Se disuelve dianhídrido del ácido dietilentriamino-pentaacético (17,9 g, 50 mmol) en DMF seca y se añade el compuesto 1 (0,3 g, 0,5 mmol) disuelto en DMF seca. La mezcla de reacción se agita a temperatura elevada bajo una atmósfera de nitrógeno.
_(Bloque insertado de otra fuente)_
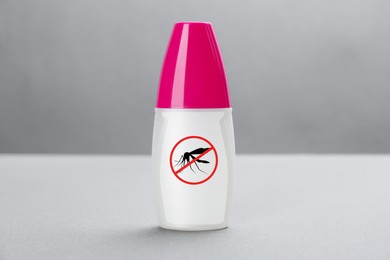 Mosquito spray on grey background. Insect repellent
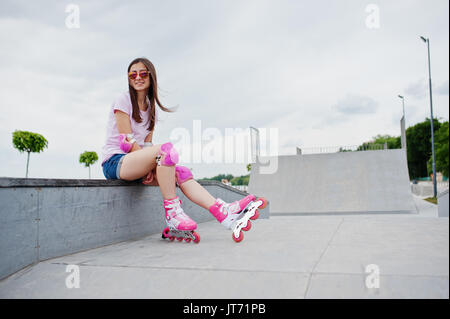 Portrait d'une jolie jeune femme en short, t-shirt, lunettes de soleil et de rollers assis sur le banc en béton dans la piscine patinoire roller Banque D'Images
Tras la reacción se realiza una TLC. El disolvente se evapora con rotación y la sustancia se purifica mediante cromatografía.

Quelato de Gd(III) del compuesto 2

A una disolución del compuesto 2 (0,4 g, 0,4 mmol) en agua se le añade óxido de gadolinio Gd_{2}O_{3} (0,1 g, 0,2 mmol) y la mezcla se calienta a 95ºC. Después de una filtración, la disolución se evapora y se seca al vacío a 50ºC.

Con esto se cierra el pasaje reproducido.